**EXERCISE GOAL:** Please report every line of the listing below that has the word "Black" in it.

**MATERIAL TO PROCESS:**
▼

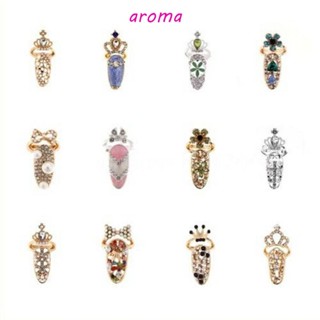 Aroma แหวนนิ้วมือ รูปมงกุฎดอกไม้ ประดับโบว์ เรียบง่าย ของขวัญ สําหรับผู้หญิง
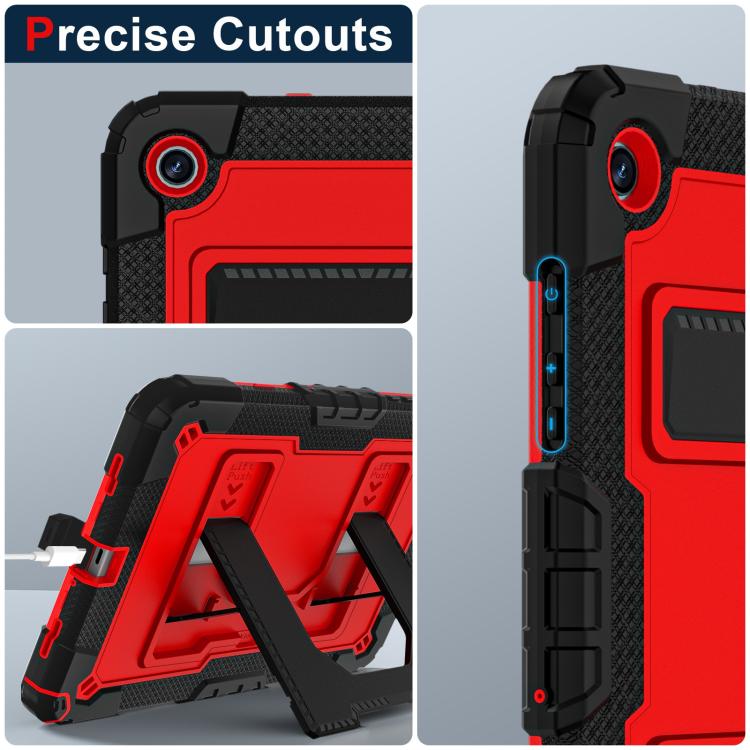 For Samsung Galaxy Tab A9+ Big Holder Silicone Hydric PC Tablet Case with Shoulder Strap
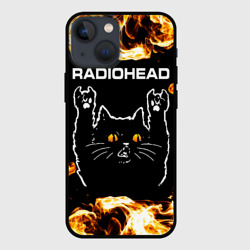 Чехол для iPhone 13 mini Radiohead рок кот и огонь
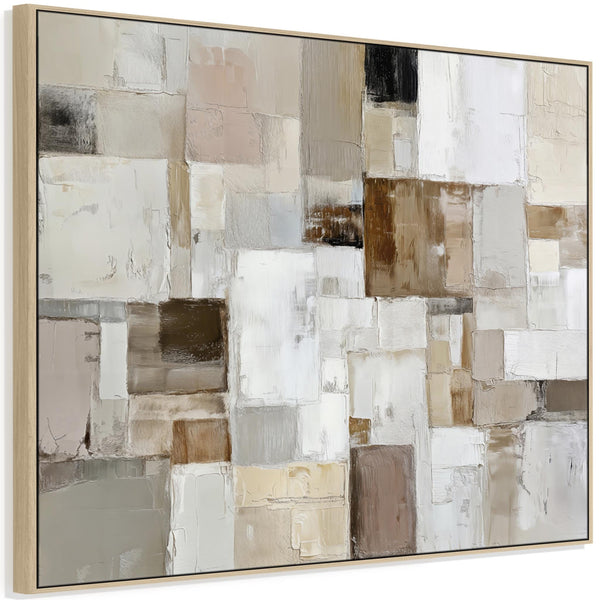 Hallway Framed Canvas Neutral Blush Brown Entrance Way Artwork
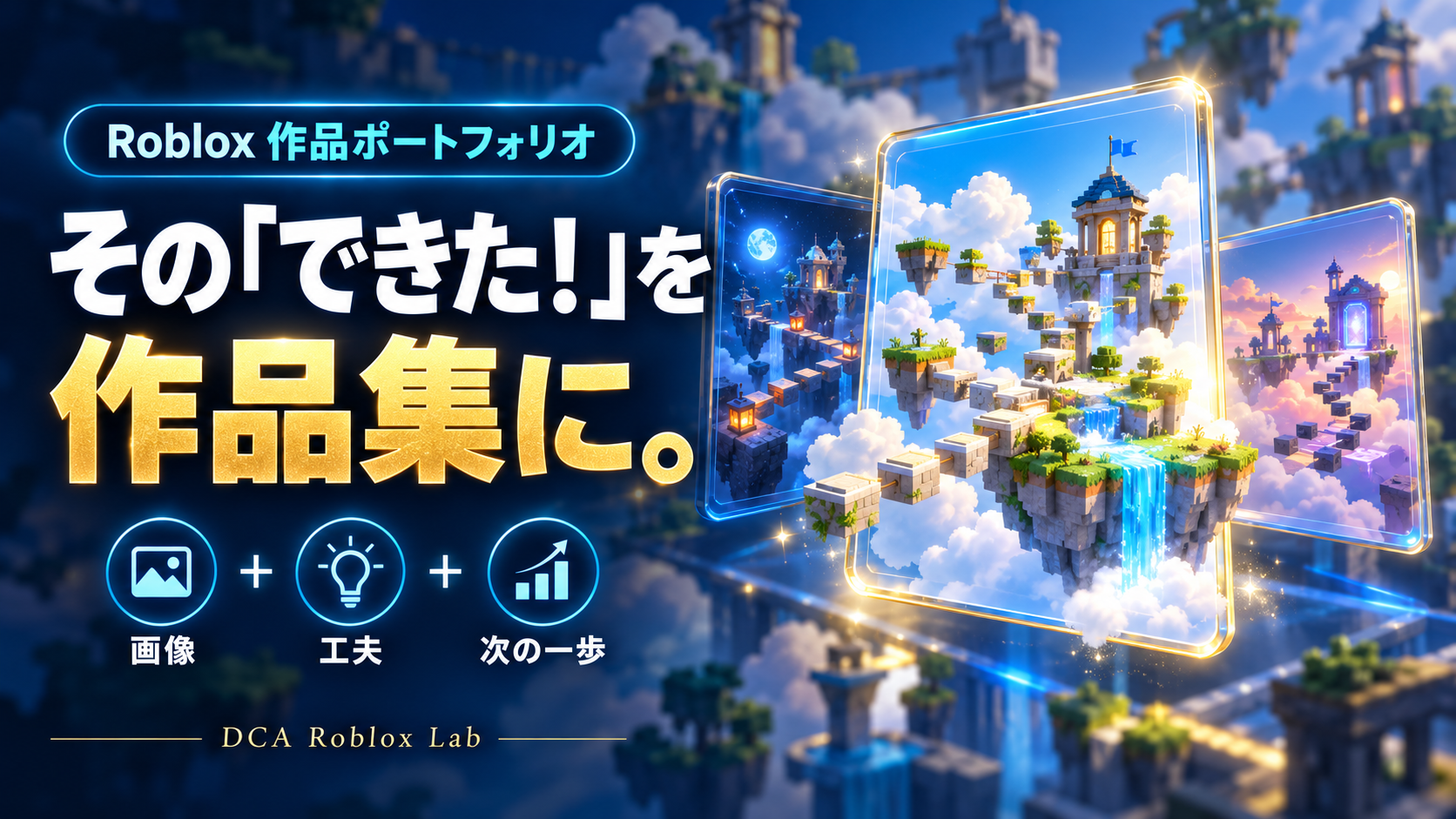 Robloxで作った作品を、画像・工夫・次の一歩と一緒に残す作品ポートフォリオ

▲
▼

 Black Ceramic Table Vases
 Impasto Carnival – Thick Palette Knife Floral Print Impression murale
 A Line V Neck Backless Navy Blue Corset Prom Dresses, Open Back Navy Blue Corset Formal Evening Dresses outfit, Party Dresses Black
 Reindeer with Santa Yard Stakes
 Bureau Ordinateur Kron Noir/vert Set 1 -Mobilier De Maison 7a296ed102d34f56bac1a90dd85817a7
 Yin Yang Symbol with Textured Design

▲
▼

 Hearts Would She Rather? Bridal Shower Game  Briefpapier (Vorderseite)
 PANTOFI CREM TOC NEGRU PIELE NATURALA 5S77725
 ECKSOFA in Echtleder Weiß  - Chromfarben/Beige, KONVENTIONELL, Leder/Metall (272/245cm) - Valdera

▲

**SOLUTION:**
 Black Ceramic Table Vases
 A Line V Neck Backless Navy Blue Corset Prom Dresses, Open Back Navy Blue Corset Formal Evening Dresses outfit, Party Dresses Black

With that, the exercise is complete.